Upon homecoming the news was all about violent demonstrations in Islamic countries targeting Denmark for its ostensible disrespect for the prophet Muhammad. In the Friday books-section of NRC-Handelsblad an essay by Sjoerd de Jong discussed two books critical of leftist dogmas: Paul Berman’s Power and the Idealists and Joseph Heath and Andrew Potter’s Nation of Rebels, both of them written on the North-American continent. No longer, they both seem to propound, are we to fight the military-capitalist complex or the system which orders us to become ‘one-dimensional’ consumers in a mass-mediated world. We are to take concrete political action rather than “hide in postmodern jargon”. But what these books seem to forget (and I write seem because I rely wholly on De Jong’s essay) is that if anything is to be learned from the events in recent years, is that the military-capitalist complex is more alive than ever and the syndicated media are issuing highly subjective versions of the ‘truth’—both on ‘our’ side, as on the side of the ‘Islamic’ world. The practical political engagement in the case of Berman leads to a ‘third way’ chimera which applauds the Iraq-invasion on the basis of a liberal anti-totalitarianism which is morally superior to the neoconservatives’ motives. The struggle against Islamic totalitarianism, he says, is analogous to a progressive agenda: supporting political freedom, emancipation of women and self-determination. Here Berman seems to be the victim of a ‘system’ whose existence he denies, a system of ‘reality-production’, reality-machines, or I would say, fog-machines, which amalgamated ‘Sadam’ with terror, terrorism, immanent threat, and Islam. In fact Sadam Hussein was anything but a supporter of the Islam.

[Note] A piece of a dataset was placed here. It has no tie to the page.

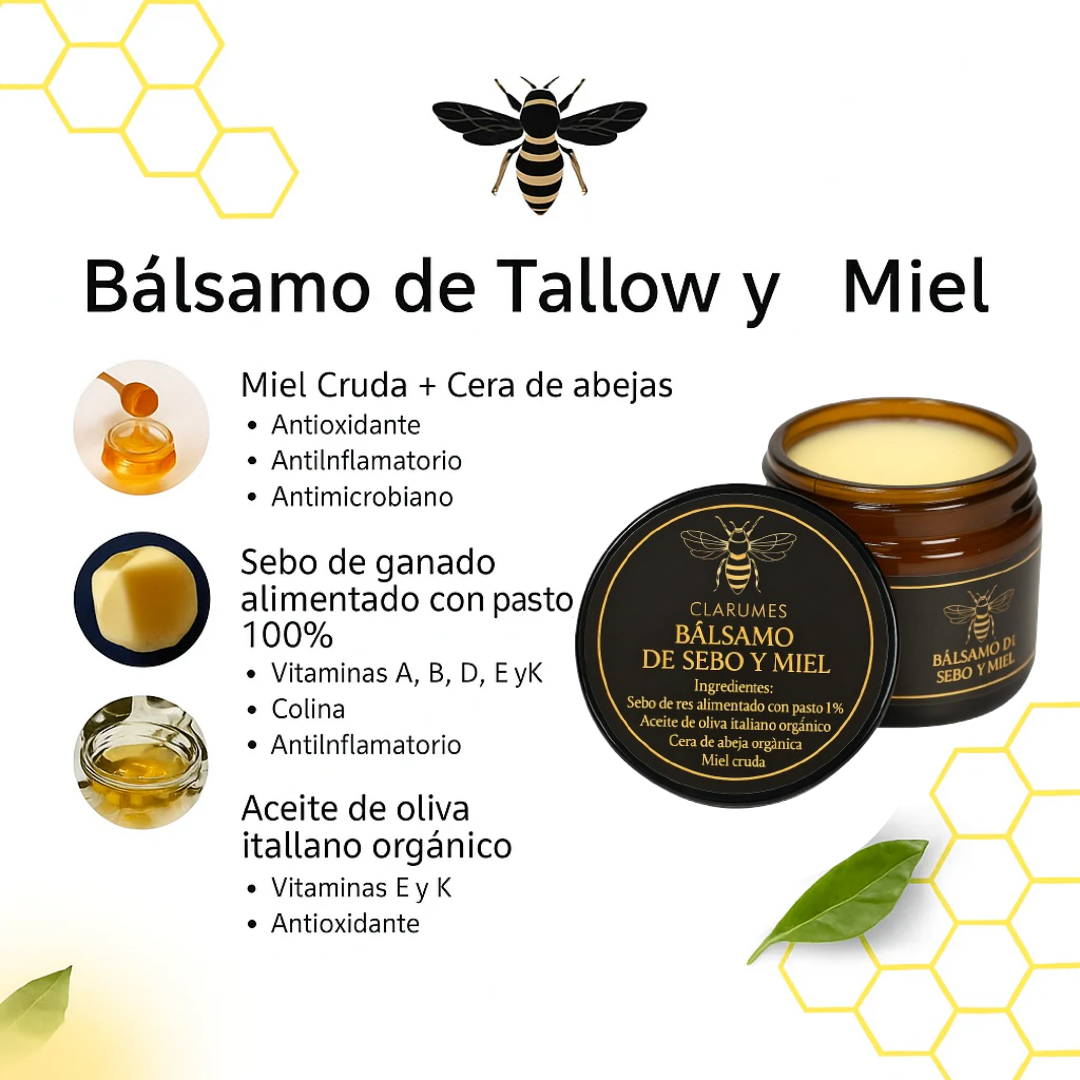 Clarumes® Bálsamo de sebo de res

One can see this ‘fact’ as minor to the fact that the Ba’athist regime was excessively brutal, which do not contradict. One can also gloss over the fact that this ‘just war’ was started under false pretences, just as one can denounce as irrelevant the historical complicity of the West (with America as its figurehead) in the empowerment of ‘Sadam’. One must, however, acknowledge the present results of the ‘liberation’ of Iraq which is not perceived as such in Islamic countries, blurred in their vision, just like ‘us’, by a fog-machines amalgamating ‘America’ with repression, humiliation, human rights violations, Imperialist machinations, and a Jewish plot against the Islam; affiliating democracy and freedom of speech with anti-Islamism and insult to the prophet Muhammad—hence the eruptions of violence over the weekend, producing and emanating the images of zealous mobs with no respect for ‘our’ freedom, producing more and more fog.

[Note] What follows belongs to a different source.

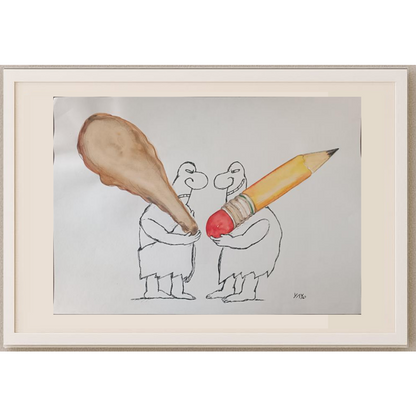 Yayo Diego Herrera 43x30cm Orijinal Karikatür BOD01985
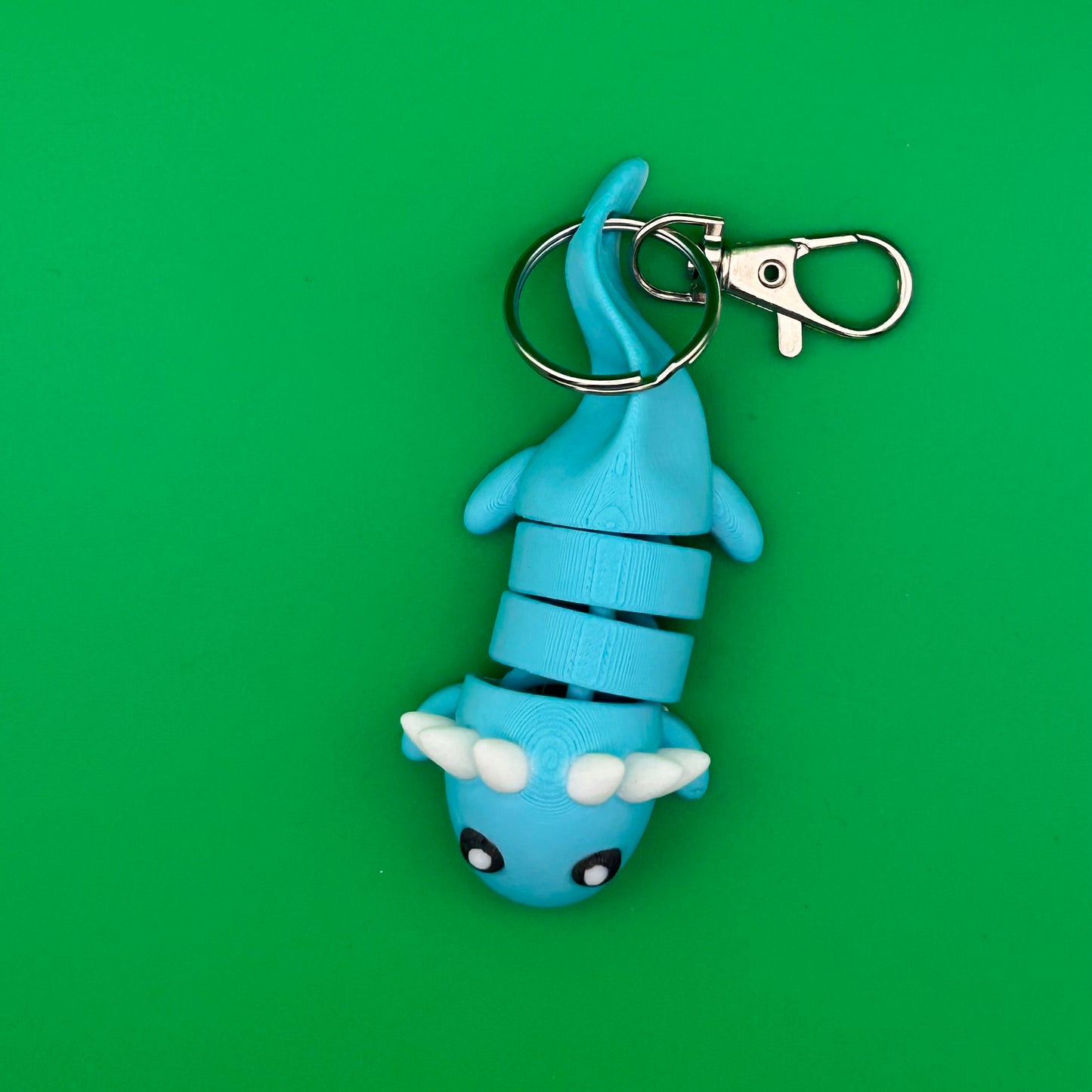 Cute Flexi Axoloti Key Chains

The invasion of Iraq can be applauded from a dogmatic humanitarian-leftist perspective, but might in the long run raise human suffering. It seems, for now at least, to promote the radical Islam rather than a liberal ‘enlightened’ Islam (The exhibition on terror currently displayed at the ifa-gallery in Berlin supports this point.). And this radical Islam and its (threat of) terror, in its turn, heightens racial tensions and broadens the dialectical fissure. I would favour therefore a pragmatic humanitarian-leftist stance susceptible to the ‘system’ which blurs our vision, or shall we say, susceptible to the notion that every discourse (neoconservative, leftist-humanist, radical Islamic, etc.) can and should be deconstructed. To quote Benjamin again:
No image satisfies him, for he has seen that it can be unfolded, and only in its folds does the truth reside; that image, that taste, that touch for whose sake all this has been unfurled and dissected; and now remembrance advances from small to smallest details, from the smallest to the infinitesimal, while that which it encounters in these microcosms grows even mightier.

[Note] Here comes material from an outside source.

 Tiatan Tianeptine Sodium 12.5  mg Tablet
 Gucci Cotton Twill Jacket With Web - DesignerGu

It is this pragmatic action of deconstruction which could have convinced Berman that, while his take on the situation might be morally superiour, the practical consequences of a war in Iraq would not be a stable democracy, but an explosive mix of small frustrations, antipathies, and predudices which grow mightier every day. Which is not to say that intervention is per definition 'wrong'. In Berlin we met Martin who has worked in Kosovo for a few years and is convinced of the righteousness of NATO's campaign against Serbia. It just seems to depend on context, and this too is a lesson that 'postmodernism' has learned us.